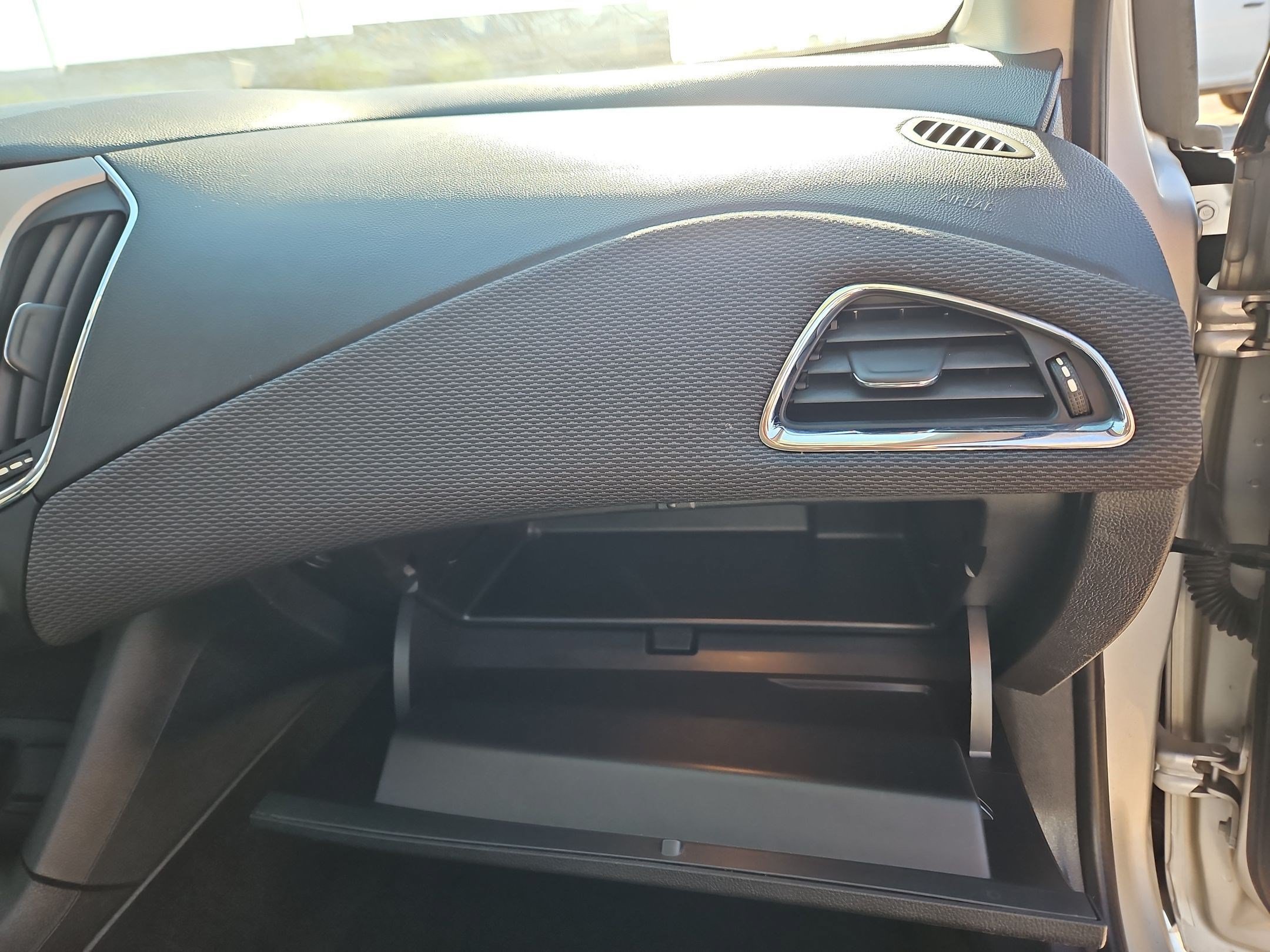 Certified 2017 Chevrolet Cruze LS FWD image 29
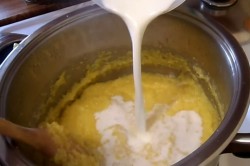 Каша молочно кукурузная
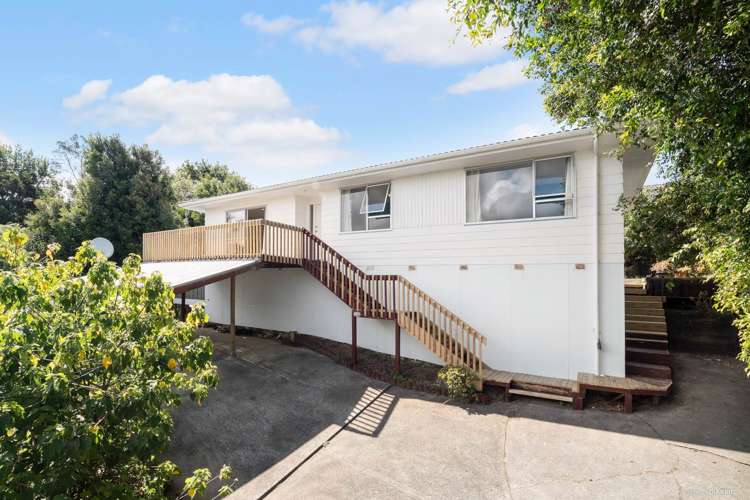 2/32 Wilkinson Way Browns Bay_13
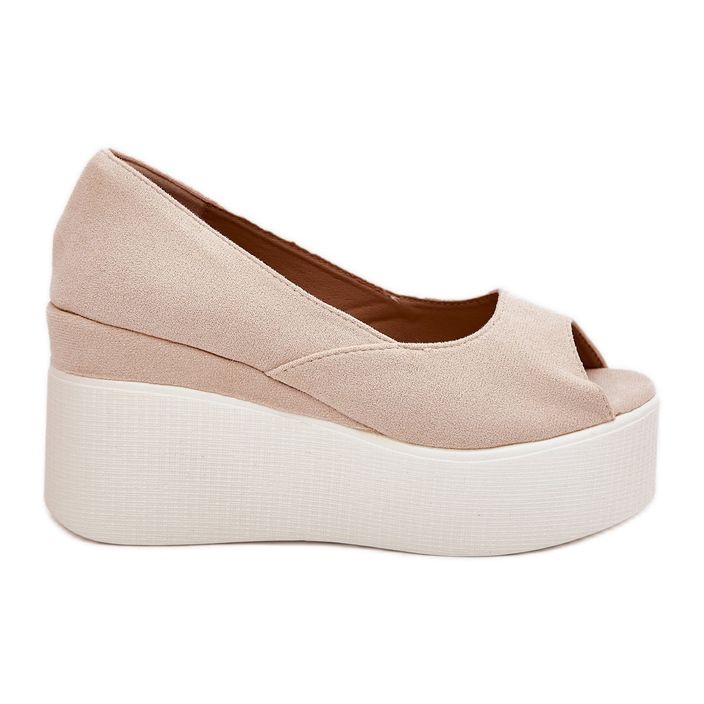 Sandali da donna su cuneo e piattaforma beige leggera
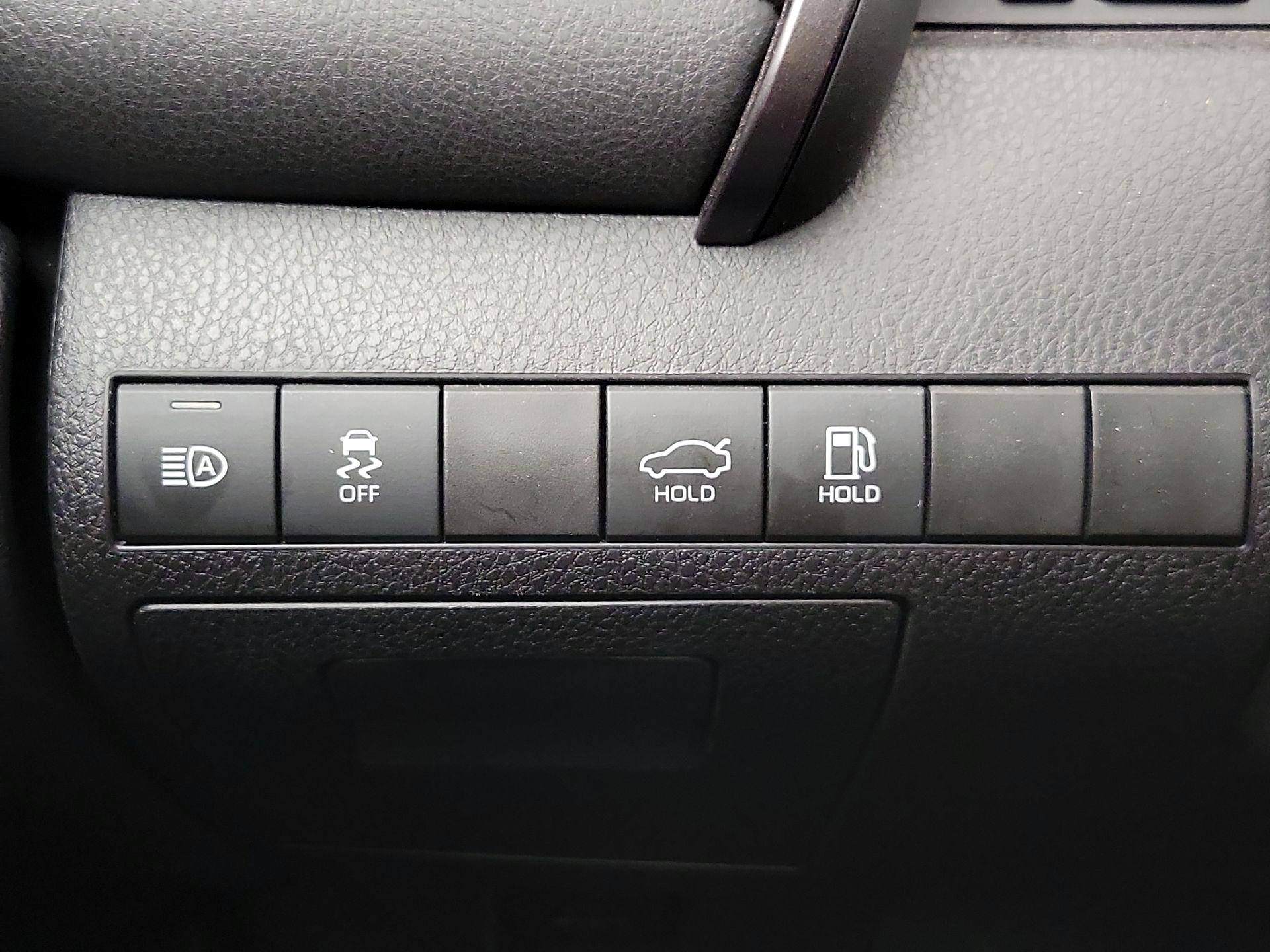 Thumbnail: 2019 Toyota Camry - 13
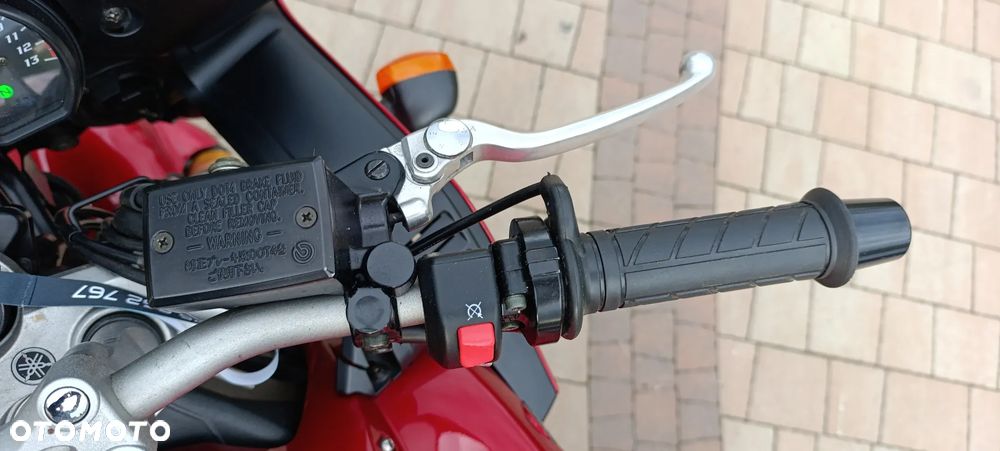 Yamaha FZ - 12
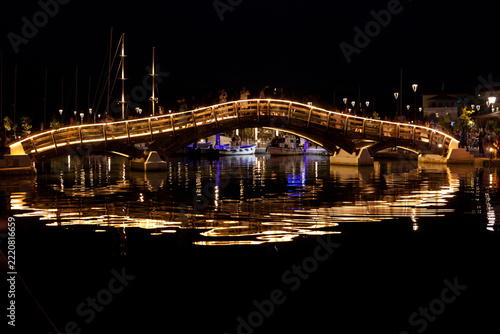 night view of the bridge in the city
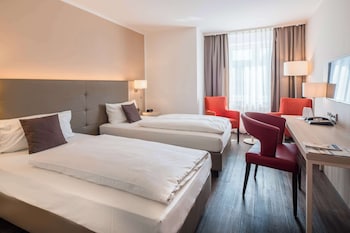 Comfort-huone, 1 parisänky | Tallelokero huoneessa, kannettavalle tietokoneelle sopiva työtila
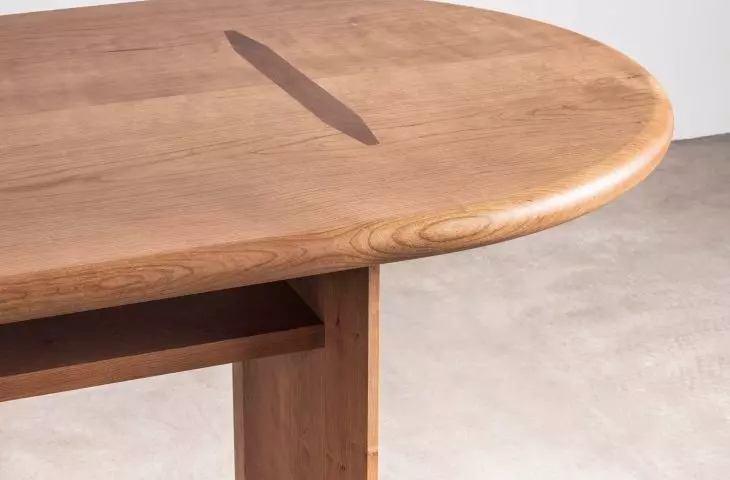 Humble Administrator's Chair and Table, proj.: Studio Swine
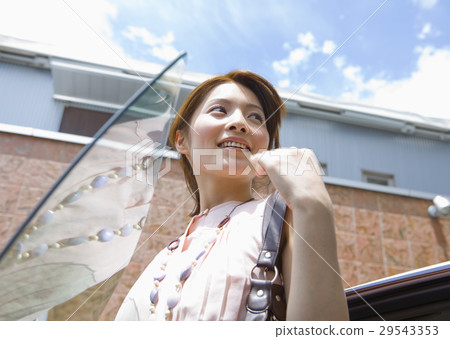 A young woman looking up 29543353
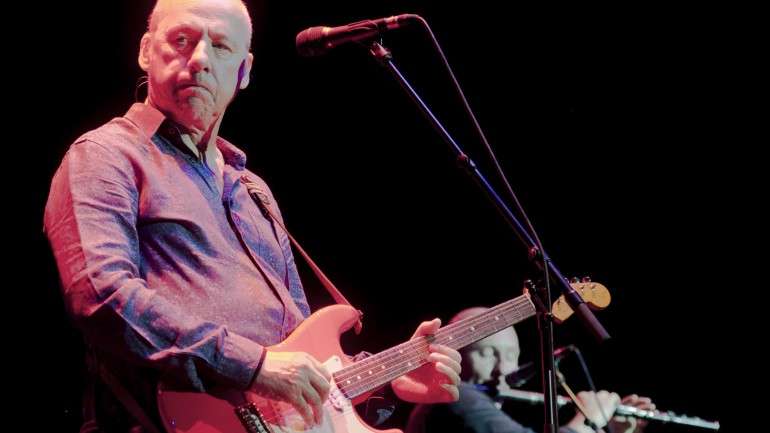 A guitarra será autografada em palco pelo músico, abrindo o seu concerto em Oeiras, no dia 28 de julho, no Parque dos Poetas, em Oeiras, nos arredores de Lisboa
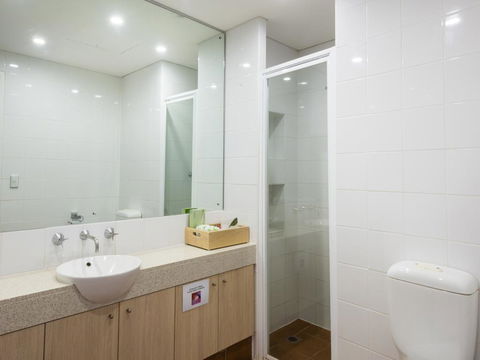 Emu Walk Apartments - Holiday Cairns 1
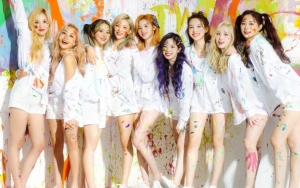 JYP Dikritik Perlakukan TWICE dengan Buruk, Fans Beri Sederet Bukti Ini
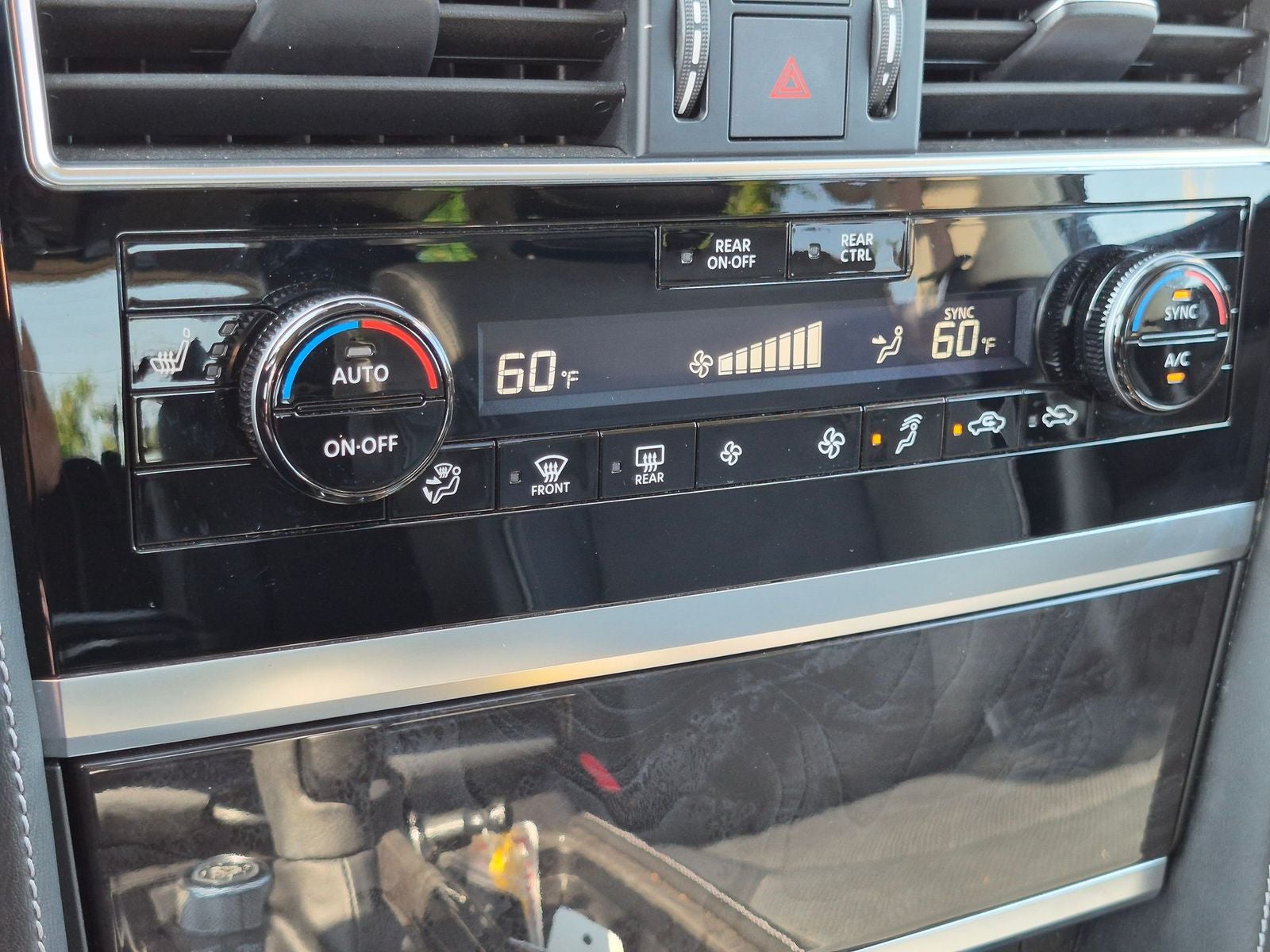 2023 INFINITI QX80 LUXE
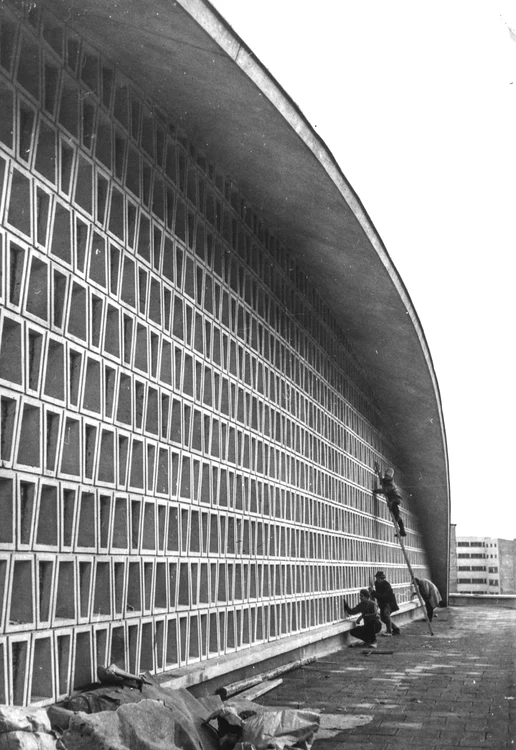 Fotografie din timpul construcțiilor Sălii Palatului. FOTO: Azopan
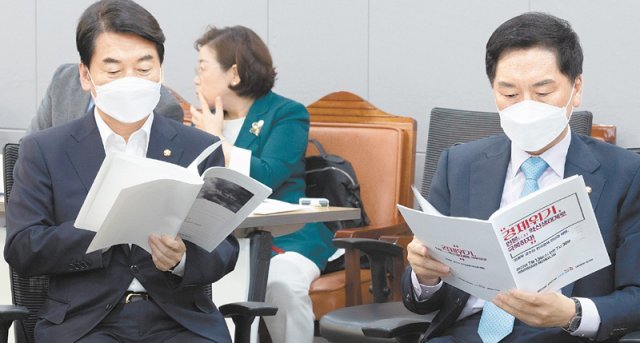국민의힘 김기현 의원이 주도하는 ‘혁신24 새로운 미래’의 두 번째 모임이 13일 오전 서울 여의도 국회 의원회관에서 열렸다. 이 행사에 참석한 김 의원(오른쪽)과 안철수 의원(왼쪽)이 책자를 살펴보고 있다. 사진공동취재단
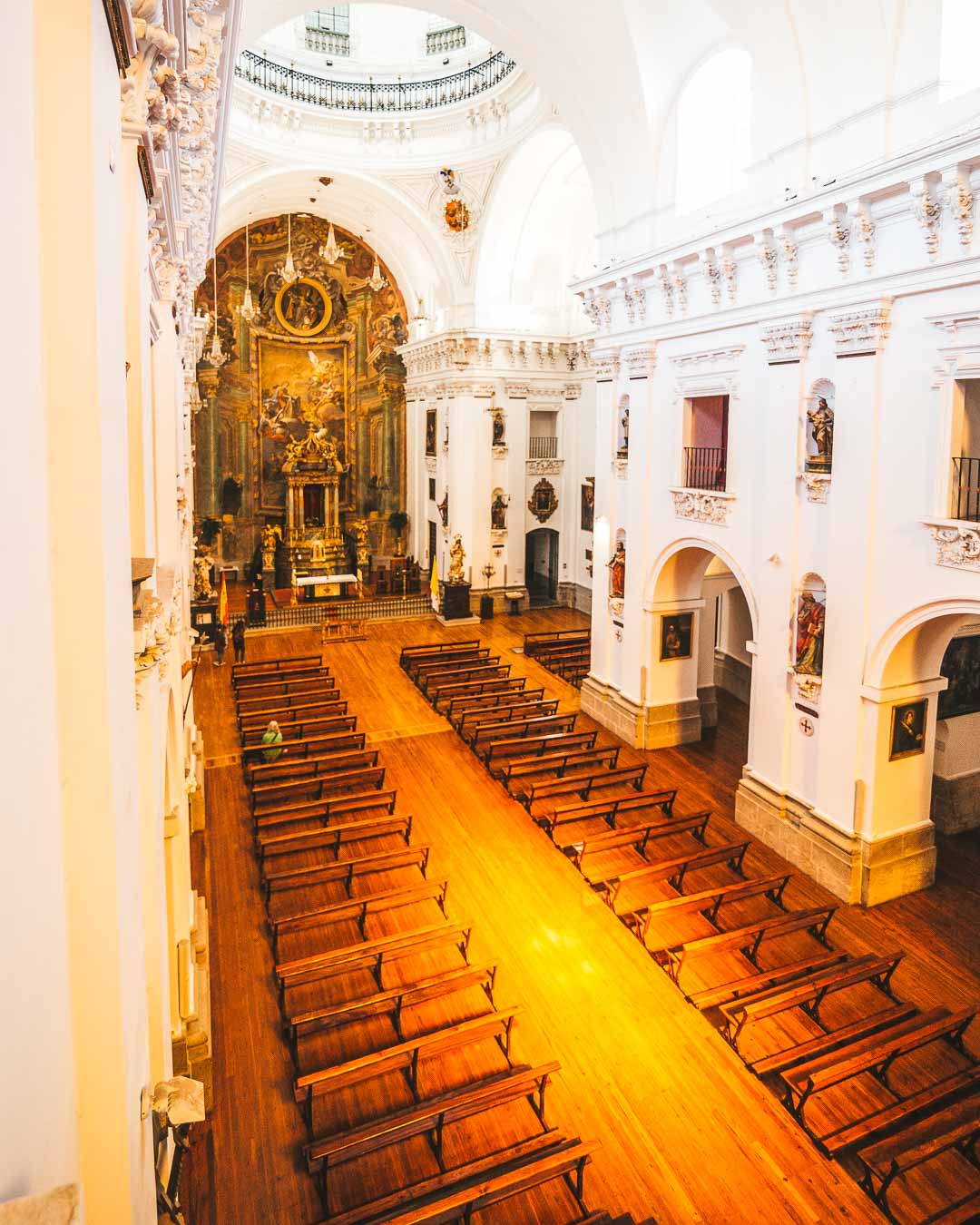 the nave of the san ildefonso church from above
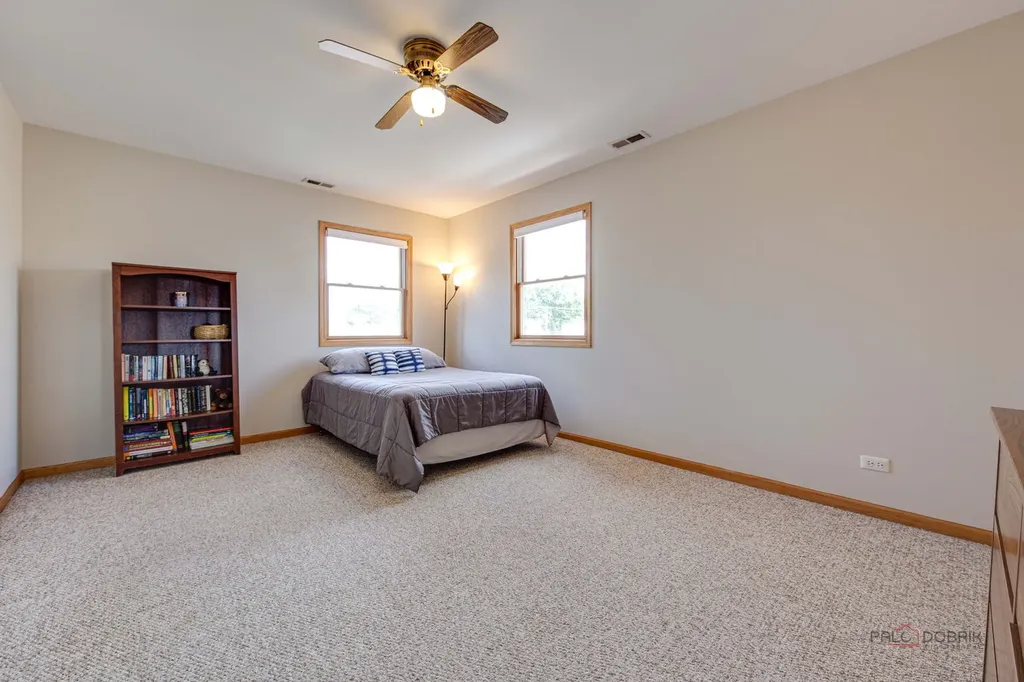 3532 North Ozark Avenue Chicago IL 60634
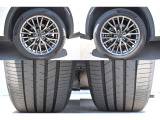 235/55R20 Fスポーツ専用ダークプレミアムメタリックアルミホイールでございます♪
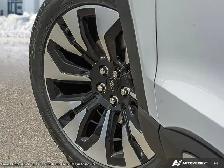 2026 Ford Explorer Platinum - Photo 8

+++

◆ Work order
Print exactly the span of lines that begins with the line containing "night view of the bridge in the city" and ends with the last line of the listing, with no pictures.

◆ Response to this task
 night view of the bridge in the city
 Comfort-huone, 1 parisänky | Tallelokero huoneessa, kannettavalle tietokoneelle sopiva työtila
 Humble Administrator's Chair and Table, proj.: Studio Swine
 A young woman looking up 29543353
 A guitarra será autografada em palco pelo músico, abrindo o seu concerto em Oeiras, no dia 28 de julho, no Parque dos Poetas, em Oeiras, nos arredores de Lisboa
 Emu Walk Apartments - Holiday Cairns 1
 JYP Dikritik Perlakukan TWICE dengan Buruk, Fans Beri Sederet Bukti Ini
 2023 INFINITI QX80 LUXE
 Fotografie din timpul construcțiilor Sălii Palatului. FOTO: Azopan
국민의힘 김기현 의원이 주도하는 ‘혁신24 새로운 미래’의 두 번째 모임이 13일 오전 서울 여의도 국회 의원회관에서 열렸다. 이 행사에 참석한 김 의원(오른쪽)과 안철수 의원(왼쪽)이 책자를 살펴보고 있다. 사진공동취재단
 the nave of the san ildefonso church from above
 3532 North Ozark Avenue Chicago IL 60634
 235/55R20 Fスポーツ専用ダークプレミアムメタリックアルミホイールでございます♪
 2026 Ford Explorer Platinum - Photo 8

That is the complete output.